# Great Scientists and their Inventions

## Archimedes(Lived c. 287 BC – c. 212 BC)

Archimedes is the best known mathematician and scientist from ancient times. In addition to brilliant discoveries in mathematics and physics, he was also an inventor. Archimedes was born in the Greek city-state of Syracuse on the island of Sicily in approximately 287 BC. His father, Phidias, was an astronomer.

Archimedes may also have been related to Hiero II, King of Syracuse.

### Archimedes’ Greatest Achievements

Invented the sciences of mechanics and hydrostatics.

Discovered the laws of levers and pulleys, which allow us to move heavy objects using small forces.

Invented one of the most fundamental concepts of physics – the center of gravity.

Calculated pi to the most precise value known. His upper limit for pi was the fraction 22⁄7. This value was still in use in the late 20th century, until electronic calculators finally laid it to rest.

Discovered and mathematically proved the formulas for the volume and surface area of a sphere.

Showed how exponents could be used to write bigger numbers than had ever been thought of before.

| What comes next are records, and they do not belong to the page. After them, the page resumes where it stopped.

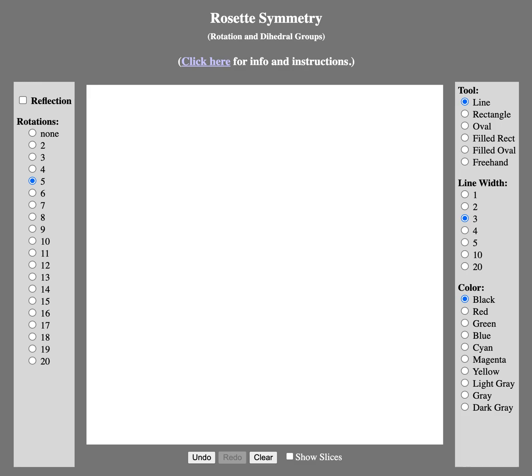Okay, so hi everyone. We're in our videos in mathematics in the modern world, and here as promised, I will show you and let you see rotations in rosette symmetry. We have here an interactive tool that we're going to try out so that we can see how the rosette symmetry works.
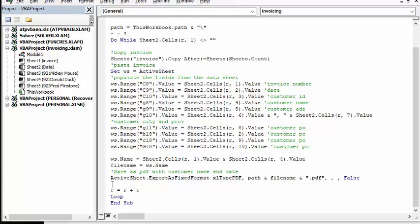And then we go on to the next R. So that's how you can easily populate forms from Excel data sheet.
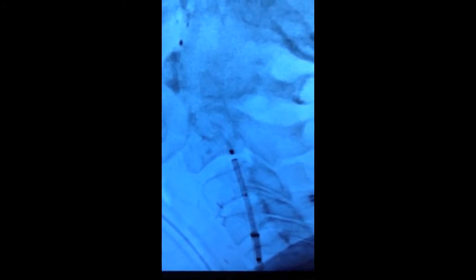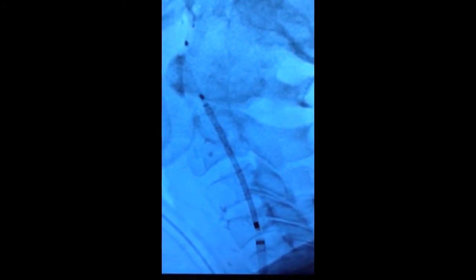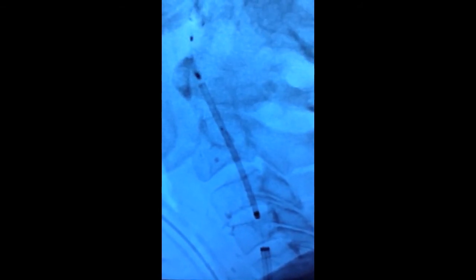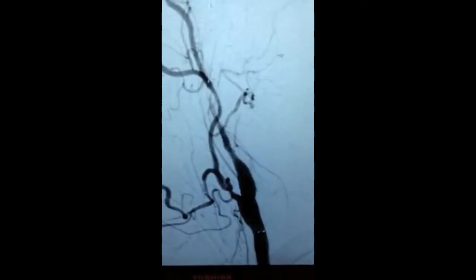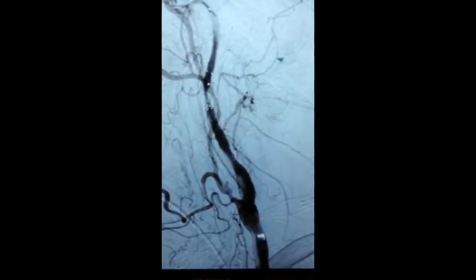A balloon has been placed to try to open up the artery. The protection device is already in position. The stent is now placed across the occluded segment of the artery and the stent is opened. We now see that the blood vessel has reopened.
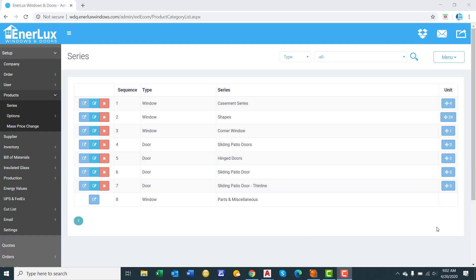Hello, this is Paul von der Fecht with WinDoorQuote. This is a training video on how to set up a new product series and a product within that series.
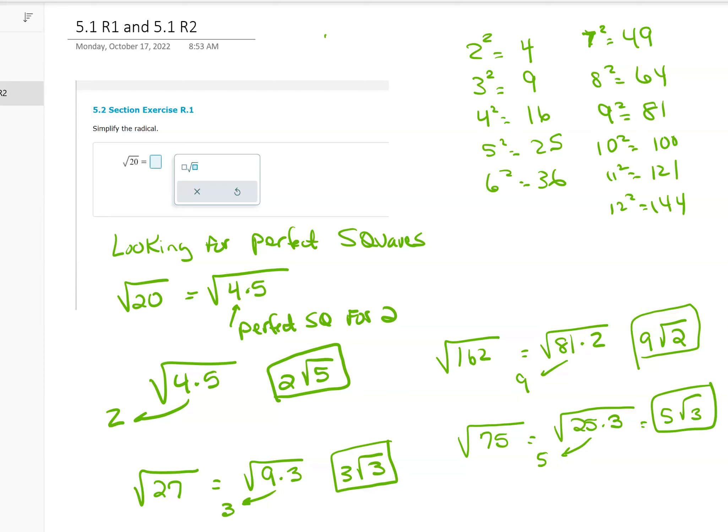So when you have the square root of 20, you want to look for a perfect square within 20. The way you do that is to look for factors of 20. I would have 4 times 5 — 4 times 5 makes 20 — versus 2 times 10. But 2 and 10 are not perfect squares, so I choose 4 times 5 because 4 is a perfect square.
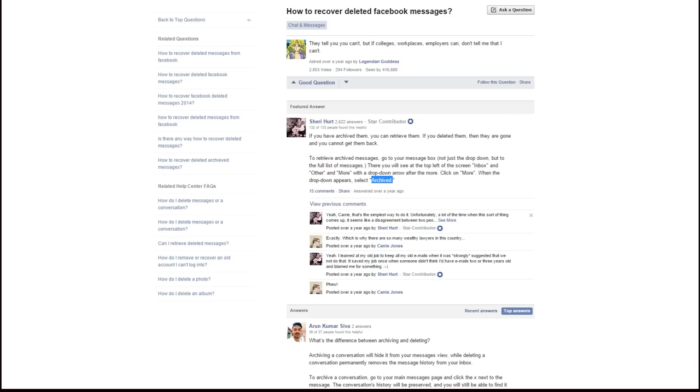However, in most cases, this will not be an option, I guess. So, in that case, you're pretty much, sad to say it, but screwed. Because there doesn't seem to be any way to regain that information. Even though Facebook really, obviously, still has the information. Because the other person still is able to view the conversation.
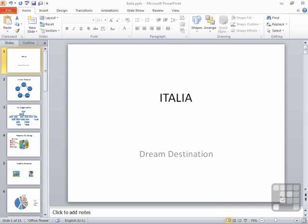Now the easiest way to effectively borrow slides from another presentation is actually to have both those presentations open and make use of the slide sorter view.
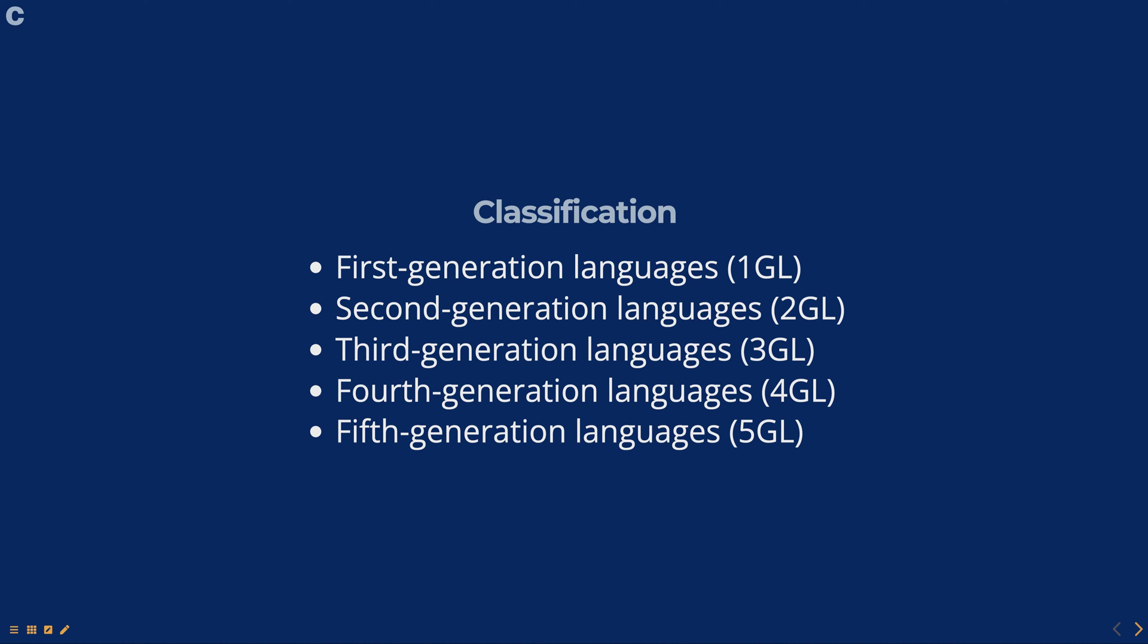It is worth noting that the classification of programming languages into generations is not a strict rule, and the terms are not always used consistently. It is more of a general way of grouping languages based on their characteristics and the era in which they were developed.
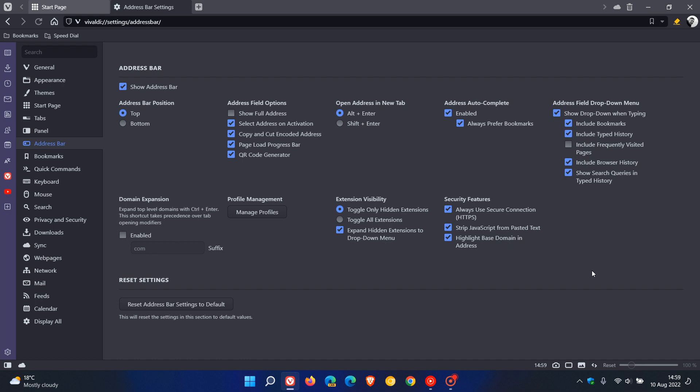And Vivaldi says this option automatically upgrades all navigation to HTTPS and displays alerts before loading websites that don't support it. The HTTPS upgrades will be automatic to allow you to browse the internet without interruptions over a secure connection wherever possible and obviously you can if you don't want to use the feature you can just toggle that off once again.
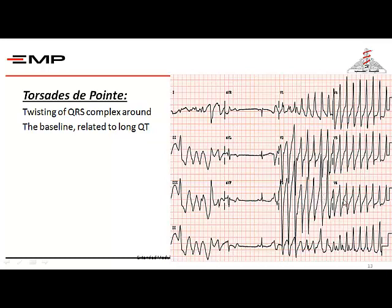In this example, all the beats are present but the morphology is variable from beat to beat. This is called torsades de pointes — meaning the beats are twisting around the baseline. Some beats have a negative axis, some have a positive axis, and it progresses as torsades de pointes or polymorphic ventricular tachycardia. This is highly fatal.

Proved that to multiply numbers written as exponents, the exponents should be added together.

Invented the Archimedean Screw to pull water out of the ground – the device is still used around the world.

Infuriated mathematicians who tried to replicate his discoveries 18 centuries later – they could not understand how Archimedes had achieved his results.

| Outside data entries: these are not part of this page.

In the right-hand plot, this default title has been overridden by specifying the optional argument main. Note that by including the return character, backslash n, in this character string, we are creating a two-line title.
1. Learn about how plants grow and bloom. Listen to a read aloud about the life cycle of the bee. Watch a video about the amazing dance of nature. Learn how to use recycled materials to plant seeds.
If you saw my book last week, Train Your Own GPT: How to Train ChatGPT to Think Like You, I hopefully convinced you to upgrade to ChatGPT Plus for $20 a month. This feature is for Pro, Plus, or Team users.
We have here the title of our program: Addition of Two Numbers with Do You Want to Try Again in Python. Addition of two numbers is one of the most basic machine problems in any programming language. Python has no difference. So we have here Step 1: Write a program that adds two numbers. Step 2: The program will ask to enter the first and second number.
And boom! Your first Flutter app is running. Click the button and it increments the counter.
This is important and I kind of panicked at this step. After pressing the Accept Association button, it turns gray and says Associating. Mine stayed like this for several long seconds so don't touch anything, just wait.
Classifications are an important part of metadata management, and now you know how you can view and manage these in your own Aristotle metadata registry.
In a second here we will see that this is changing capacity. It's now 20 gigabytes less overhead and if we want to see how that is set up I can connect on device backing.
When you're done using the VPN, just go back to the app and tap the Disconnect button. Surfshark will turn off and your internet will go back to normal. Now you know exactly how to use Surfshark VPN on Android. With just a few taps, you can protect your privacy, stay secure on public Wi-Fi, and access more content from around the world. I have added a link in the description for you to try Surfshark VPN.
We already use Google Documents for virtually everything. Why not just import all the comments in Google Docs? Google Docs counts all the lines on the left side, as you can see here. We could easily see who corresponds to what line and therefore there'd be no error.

Directly inspired Galileo Galilei and Isaac Newton to investigate the mathematics of motion. Archimedes’ surviving works (tragically, many have been lost) finally made it into print in 1544. Leonardo da Vinci was lucky enough to have seen some of the hand-copied works of Archimedes before they were eventually printed.

Was one of the world’s first mathematical physicists, applying his advanced mathematics to the physical world.

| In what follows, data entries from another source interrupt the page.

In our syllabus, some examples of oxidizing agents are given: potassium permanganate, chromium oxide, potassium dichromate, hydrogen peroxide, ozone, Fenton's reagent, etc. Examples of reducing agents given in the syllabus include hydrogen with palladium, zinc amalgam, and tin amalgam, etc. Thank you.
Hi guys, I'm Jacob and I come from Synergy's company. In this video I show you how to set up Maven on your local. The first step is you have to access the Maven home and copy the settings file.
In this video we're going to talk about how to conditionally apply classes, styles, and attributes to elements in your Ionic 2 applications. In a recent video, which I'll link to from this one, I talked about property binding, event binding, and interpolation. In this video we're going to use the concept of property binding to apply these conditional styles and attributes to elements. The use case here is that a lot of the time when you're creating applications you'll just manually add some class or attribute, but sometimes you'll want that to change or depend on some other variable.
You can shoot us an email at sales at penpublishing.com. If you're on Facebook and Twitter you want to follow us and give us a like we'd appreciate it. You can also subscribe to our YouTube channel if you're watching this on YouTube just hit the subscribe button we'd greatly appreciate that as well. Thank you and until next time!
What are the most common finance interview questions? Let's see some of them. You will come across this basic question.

Was the first person to apply lessons from physics – such as the law of the lever – to solve problems in pure mathematics.

Invented war machines such as a highly accurate catapult, which stopped the Romans conquering Syracuse for years. It’s now believed he may have done this by understanding the mathematics of projectile trajectory.

Became famous throughout the ancient world for his brilliant mind – so famous that we cannot be sure that everything he is said to have done is true.

Inspired what we now believe are myths including a mirror system to burn attacking ships using the sun’s rays, and jumping from his bath, then running naked through the streets of Syracuse shouting ‘Eureka’ meaning ‘I’ve found it’ after realizing how to prove whether the king’s gold crown had silver in it.